Fegmania! was a triumphant return to form, catapulting Hitchcock to stardom (at least the college-radio kind) with songs like "My Wife and My Dead Wife" and setting the stage for more albums and tours. Invisible Hitchcock was a compilation of odd experiments recorded largely without the Egyptians, containing the now-prophetic "All I Wanna Do Is Fall in Love" (". . . while there's still time"). Hitchcock: "I like it because it was just done by mistake. Half of it was recorded for free in people's homes." Element of Light contains "Raymond Chandler Evening," possibly his best ballad. "People remember that fondly as our last independent album. That was the height of our trendiness."

Hitchcock hit major-label land with Globe of Frogs and Queen Elvis, his first two albums for A&M. He recalls: "We sat around this very table and I said, we don't want to be the new anything. We are us, that's it. Don't try to market us as somebody else." (Thanks to strategic cover versions, Hitchcock has been blessed/plagued with constant comparisons to John Lennon, whom he resembles vocally, as well as Pink Floyd's Syd Barrett and the Byrds.) "In fact there was not much change, but they'd targeted the independent era with their diabolical marketing skills. Gradually, everything you said you'd never do, you do. If you're lucky you get to shake hands with Arnold Schwarzenegger."

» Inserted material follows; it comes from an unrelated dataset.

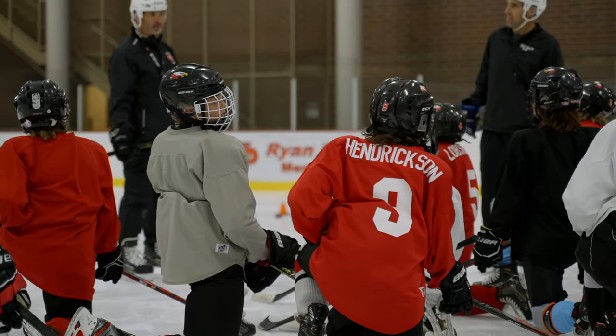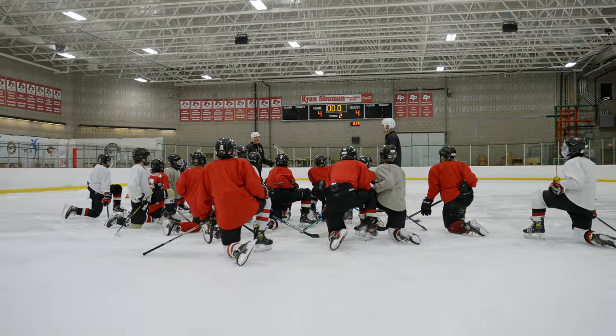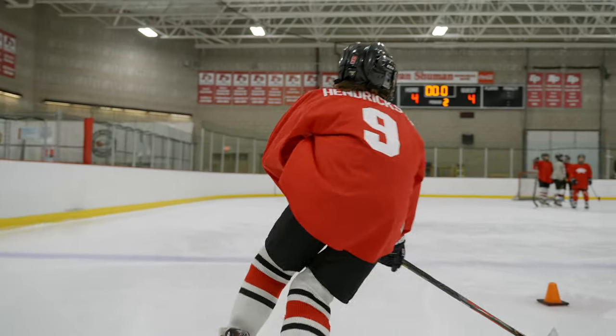The last drill we did was the neutral zone surfing drill. What we're trying to do there is end the play instead of defend the play.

The missing title track of Queen Elvis actually turned up on Eye (Twin/Tone), another album in the personal mode of Trains, but even more solitary. "Every so often you wonder what it would be like if you weren't making decisions by committee. I just wanted to be on my own, without anything else, as naked and simple as possible."

The new Perspex Island goes to the other extreme with a thick stew of overdubbed guitars by Hitchcock and REM's Peter Buck, as many as eight on one track. The producer was Paul Fox, who's also worked with XTC and the Sugarcubes. "Paul helped tune us into a good state," Hitchcock says. "He made us feel the songs were live performances rather than another dreary old studio backing track."

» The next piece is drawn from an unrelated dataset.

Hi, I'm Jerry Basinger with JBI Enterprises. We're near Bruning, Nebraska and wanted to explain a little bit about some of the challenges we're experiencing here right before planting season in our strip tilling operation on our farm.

After a six-month break from songwriting, Hitchcock sat down at his kitchen table on the Isle of Wight and wrote 50 new ones, of which 30 were finished and 11 recorded: "Machismo through verbiage. When they come, they come. They've got their own mind -- it's like fishing. I was certainly in a better state writing than in the past. It's not quite the disgusted-animal-looking-down-at-its-own-body syndrome, not quite the human head on the centipede's body, not so much existential horror."

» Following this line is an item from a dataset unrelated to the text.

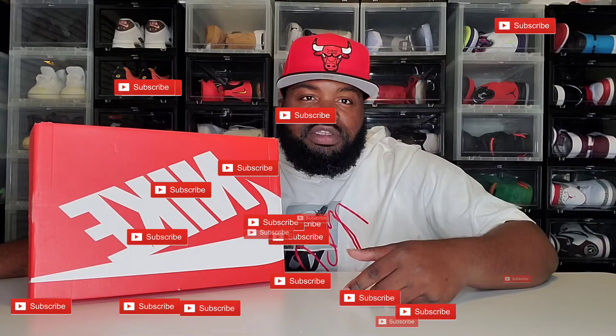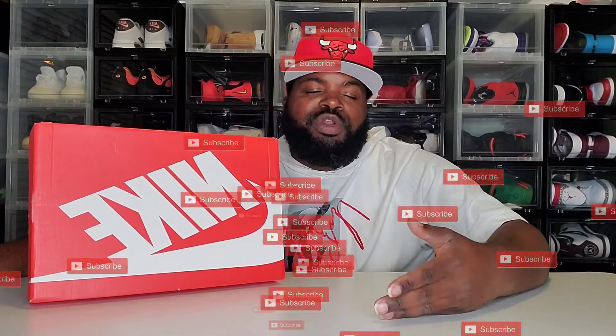Before we get into it, if you're new to this channel be sure to hit that subscribe button. We're on the road to a thousand subscribers and I will be doing a giveaway, so you definitely want to stick around for that. After you hit that subscribe button, make sure you hit the like button and hit that notification bell so you can be notified every time I do a video or a live stream.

Instead there are love songs of every description -- songs of longing ("If You Go Away"), songs of regret ("Earthly Paradise"), songs of giddiness ("Ultra Unbelievable Love") and exhilaration ("Birds in Perspex"), and occasional moments of philosophical navel-gazing ("Ride," "So You Think You're in Love"). Not to mention "Vegetation and Dimes," a characteristically furious rant in which his voice rises to condemn "this city of wolves." The city turns out to be LA: "Everyone's varnished there, they've all got their sell-by dates tatooed on their necks. It's a miserable howl, basically. Cynthia and I were separated."

Most astonishing of all are the many moments of overt vulnerability, the sort of emotions other songwriters get rich on but Hitchcock has never even bothered to fake. "I've always been so macho," he says, "me and Arnold. Partly it's because in the early '70s everyone was so painfully sincere. Everyone ran out of steam and got really stoned and began feeling sorry for themselves -- and had enough money to do it, usually in LA as well -- and I hated that. I would run off and listen to the Velvets just to get a blast of cold northern cynicism. I couldn't stand that wimpy stuff, partly because I was afraid of those same wimpy feelings in myself and partly because that music was genuinely dreary. Later I began to feel more compassion.

"I'm not trying to do the same thing I was doing with the Soft Boys. In those days we were trying to demolish cliches, demolish sentiment, demolish good, demolish all that yucky girly longwinded pink stuff. And now I'm swanning around in a tutu, happy as ever."